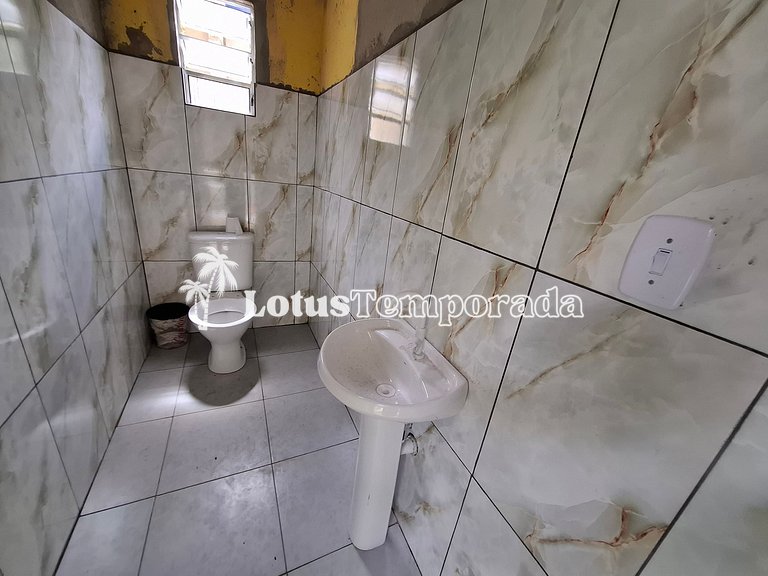 Chácara com piscina, área gourmet e 4 suítes LT0079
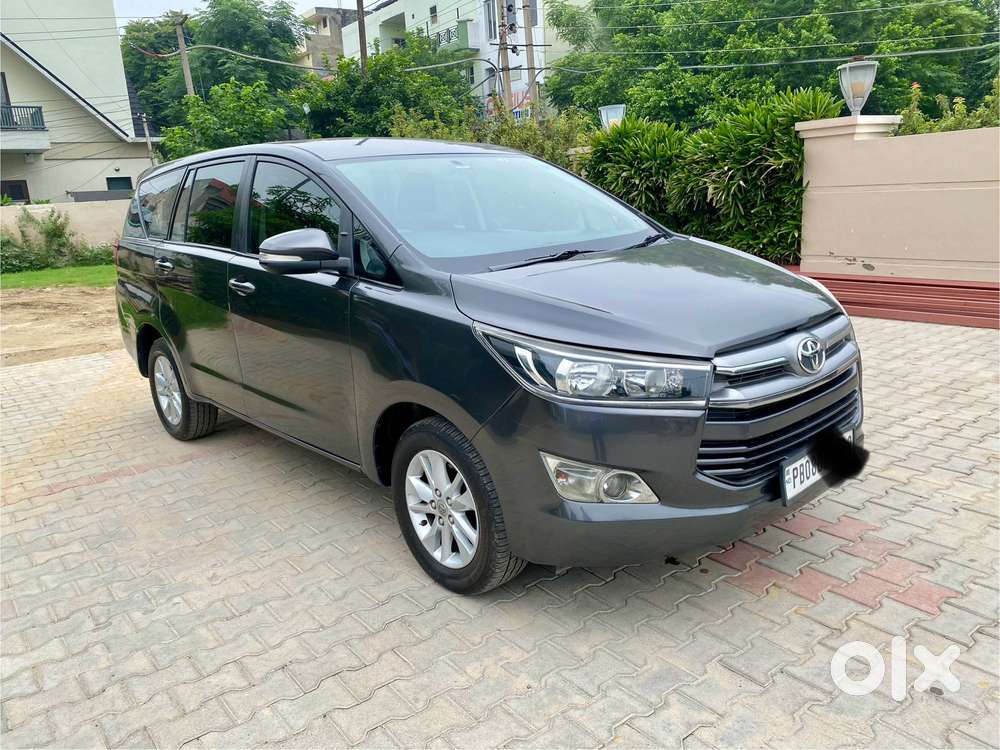 Toyota Innova Crysta 2.4 G Mt, 2017, Diesel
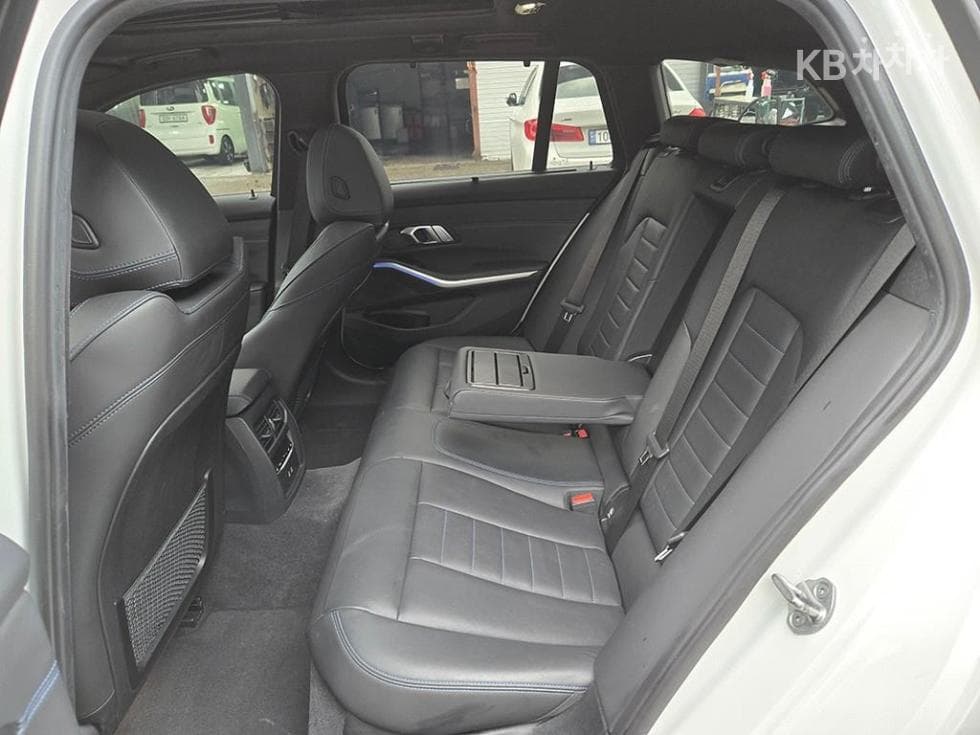 BMW - 3-Series | 320 Touring M Sport Package 6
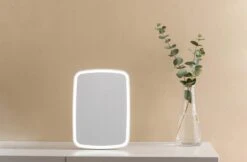 Jordan & Judy Make-upspiegel Met Verlichting - Oplaadbaar - Led Spiegel Make Up Met Touch Switch - Staand Spiegel -Cosmetica Korting Winkel 1200x788 4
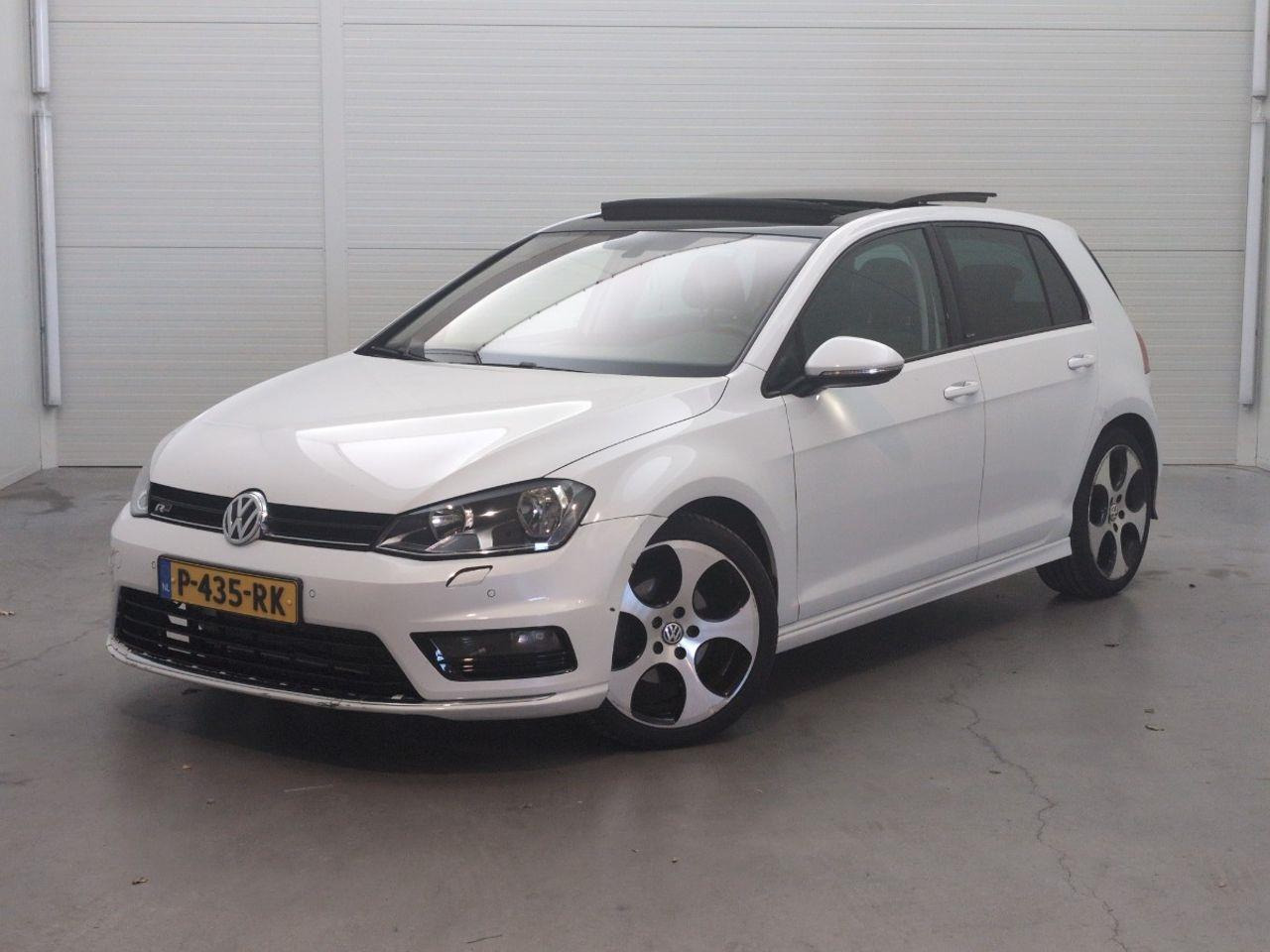 Volkswagen Golf 1.4 TSI Connected Series | 2017 | 114.917 km | Automaat | P435RK | NAP: Geen oordeel - Hatchback/ Halvkombi: bild 1 Volkswagen Golf 1.4 TSI Connected Series | 2017 | 114.917 km | Automaat | P435RK | NAP: Geen oordeel - Hatchback/ Halvkombi: bild 1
= = = = =
# INSTRUCTIONS TO FOLLOW
Once you have returned the line containing "BMW - 3-Series", stop; begin at the first line of the material, keep each line exact, and skip the pictures.

# SOLUTION TO THIS EXERCISE
 Chácara com piscina, área gourmet e 4 suítes LT0079
 Toyota Innova Crysta 2.4 G Mt, 2017, Diesel
 BMW - 3-Series | 320 Touring M Sport Package 6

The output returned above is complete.